Dataset records:
========================
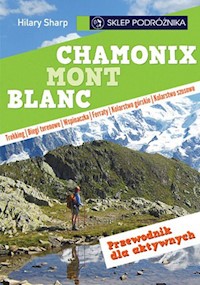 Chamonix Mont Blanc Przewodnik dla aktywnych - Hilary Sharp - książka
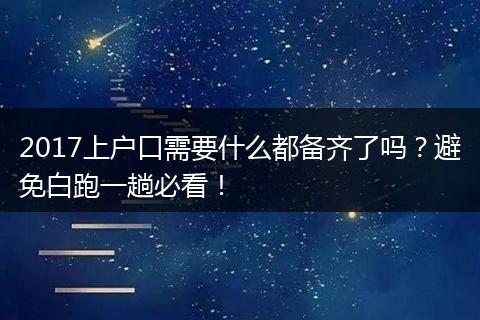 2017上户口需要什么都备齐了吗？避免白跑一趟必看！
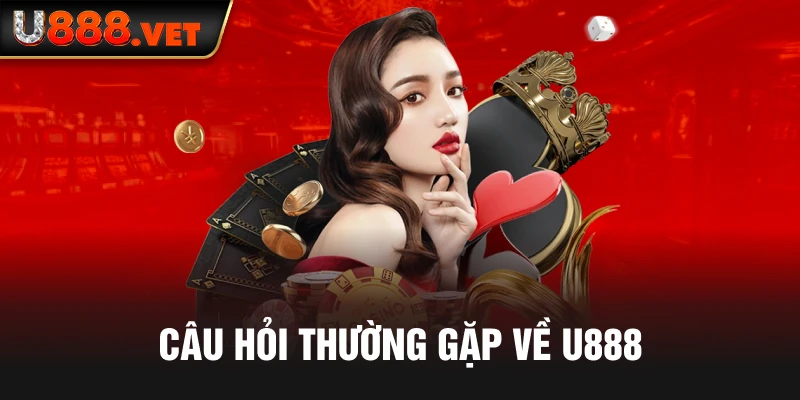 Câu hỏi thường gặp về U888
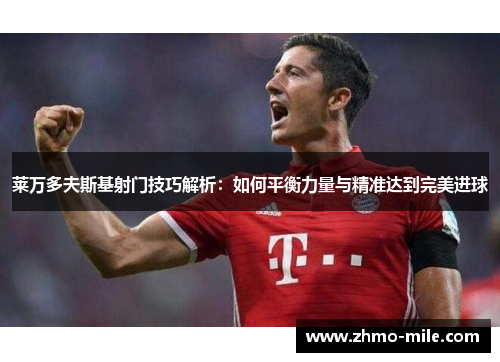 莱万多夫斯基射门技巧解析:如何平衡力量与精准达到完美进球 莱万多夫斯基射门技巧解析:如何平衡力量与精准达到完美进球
========================
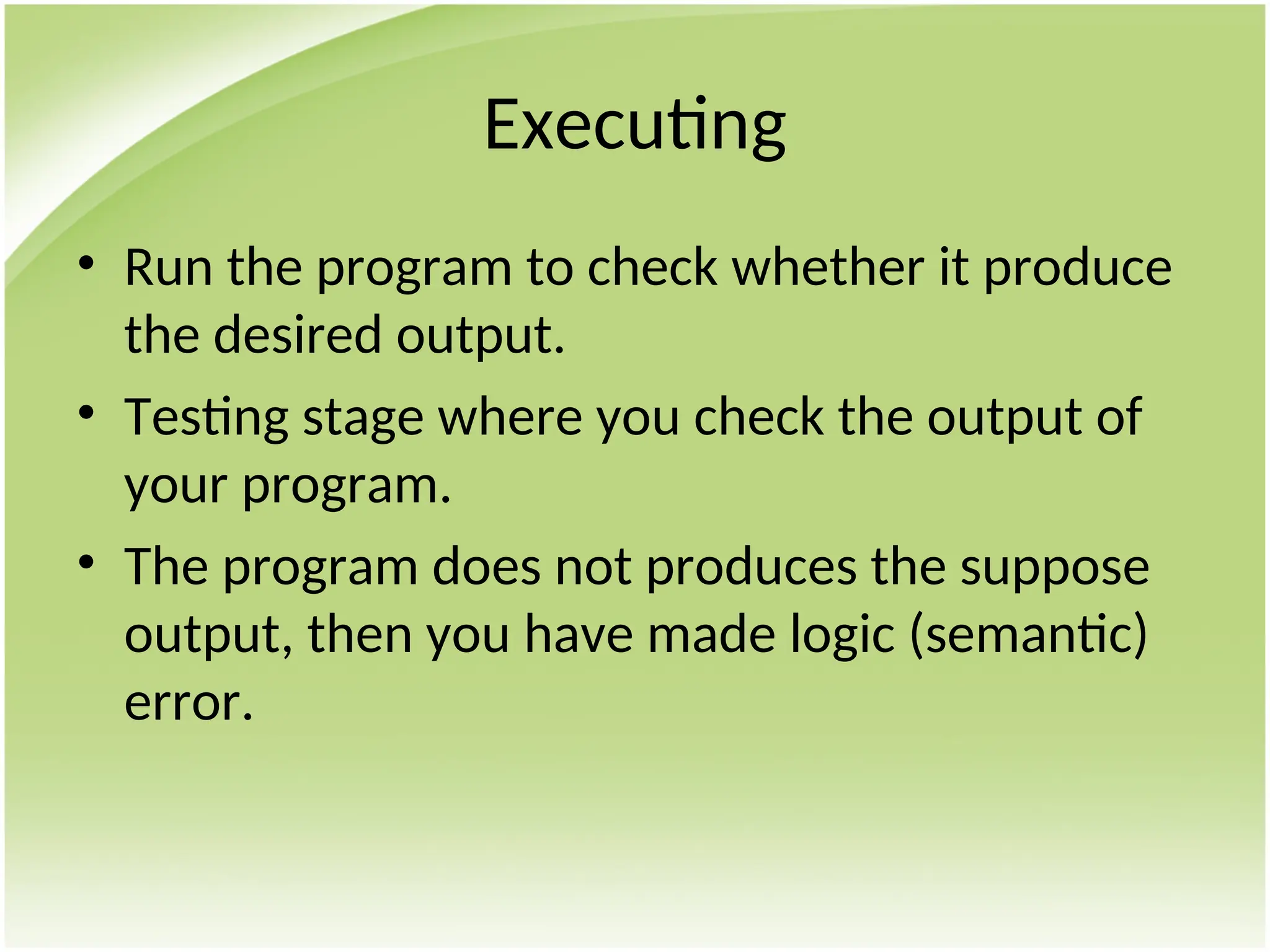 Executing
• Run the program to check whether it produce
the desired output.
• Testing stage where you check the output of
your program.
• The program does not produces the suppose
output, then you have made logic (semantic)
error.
========================
Required action:
Return, in full, every line of these entries that holds "output".

Your solution:
the desired output.
• Testing stage where you check the output of
output, then you have made logic (semantic)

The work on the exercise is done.